→ Collected material:
= = =

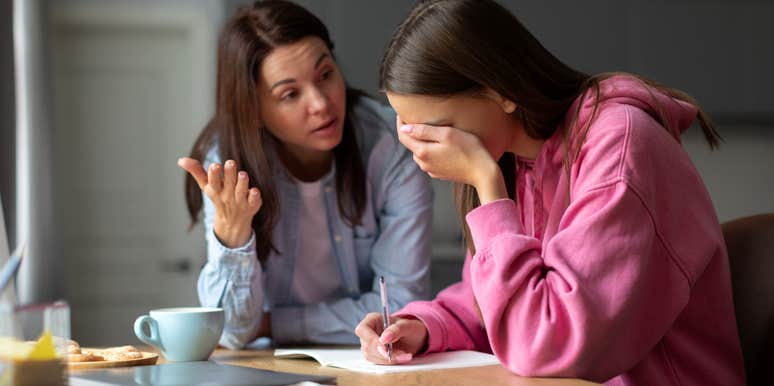 mom having serious conversation with upset daughter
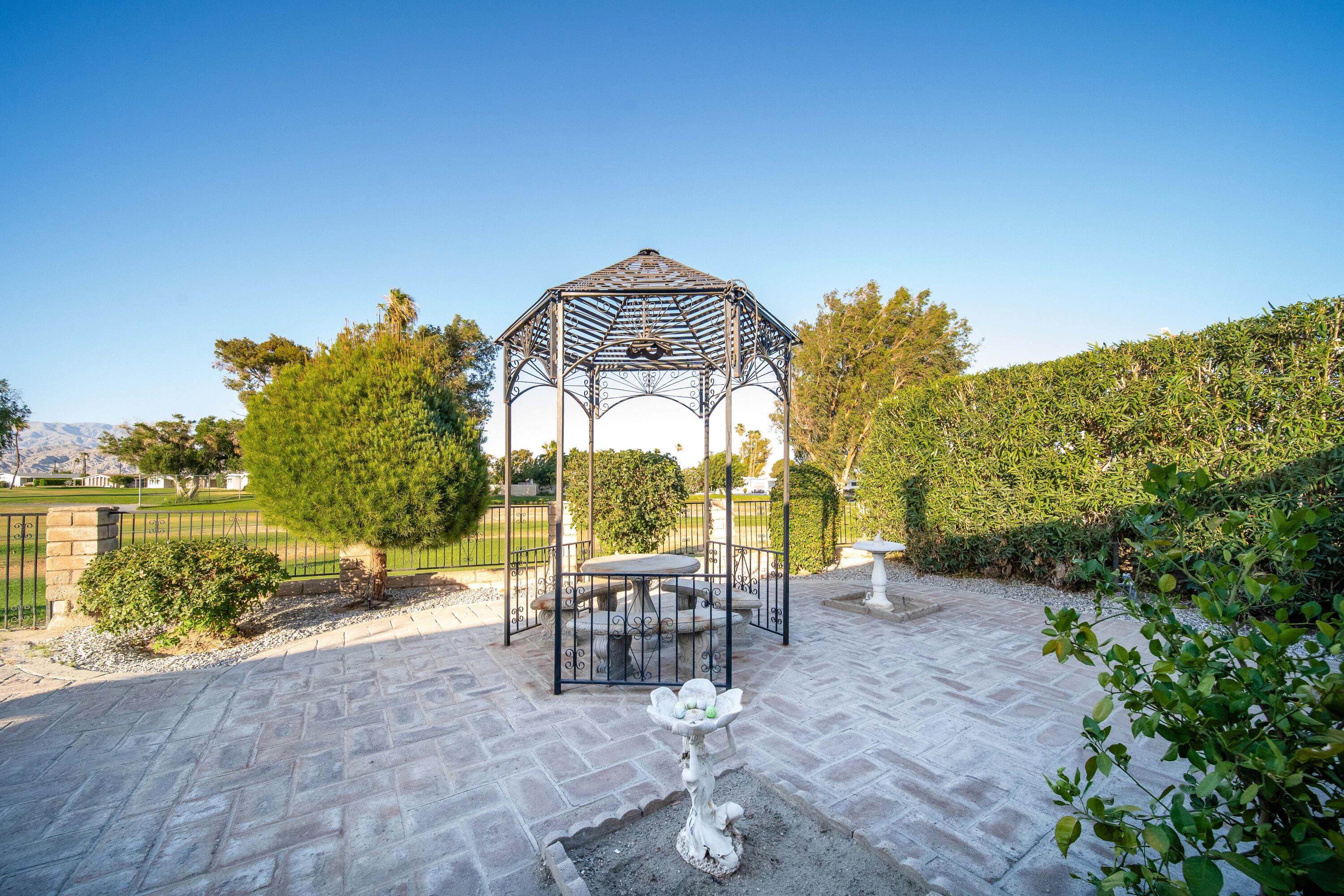 33440 Carlsbad Circle Thousand Palms, CA 92276 - Photo 42 of 52 a view of a chairs and table in patio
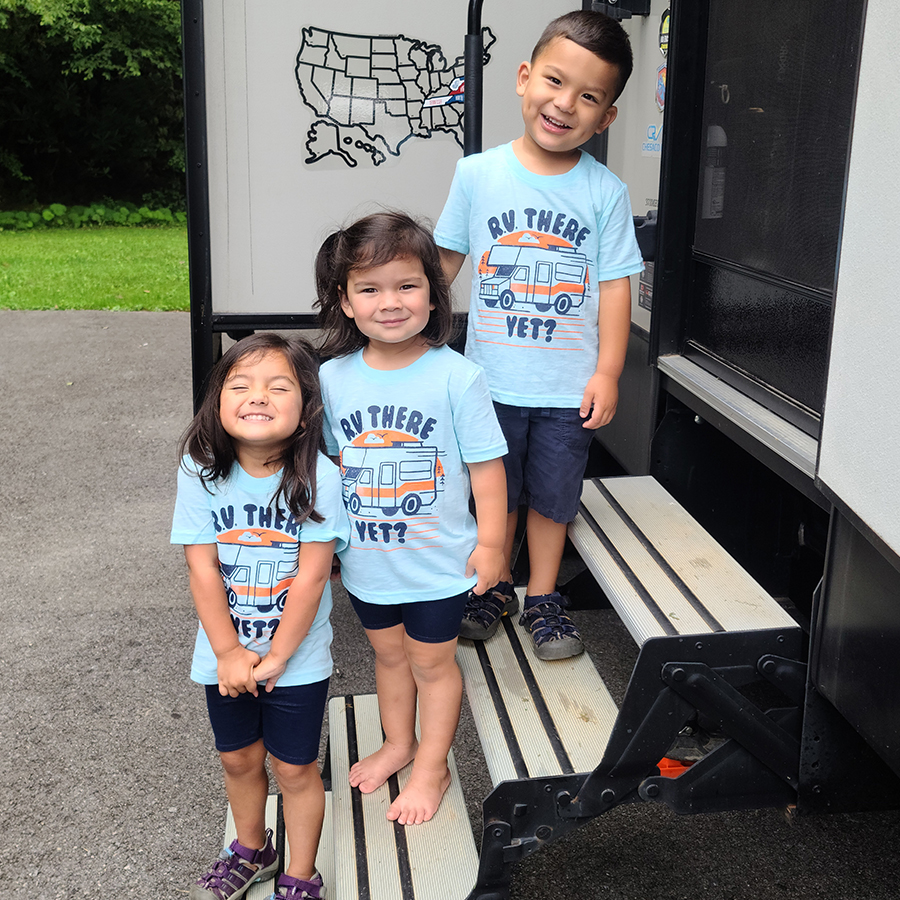 Three children standing on steps smiling in T-Shirts reading "RV There Yet?"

= = =

→ Instructions to follow:
What you return should be the whole listing, word for word, without its pictures.

→ Result of the task:
 mom having serious conversation with upset daughter
 33440 Carlsbad Circle Thousand Palms, CA 92276 - Photo 42 of 52 a view of a chairs and table in patio
 Three children standing on steps smiling in T-Shirts reading "RV There Yet?"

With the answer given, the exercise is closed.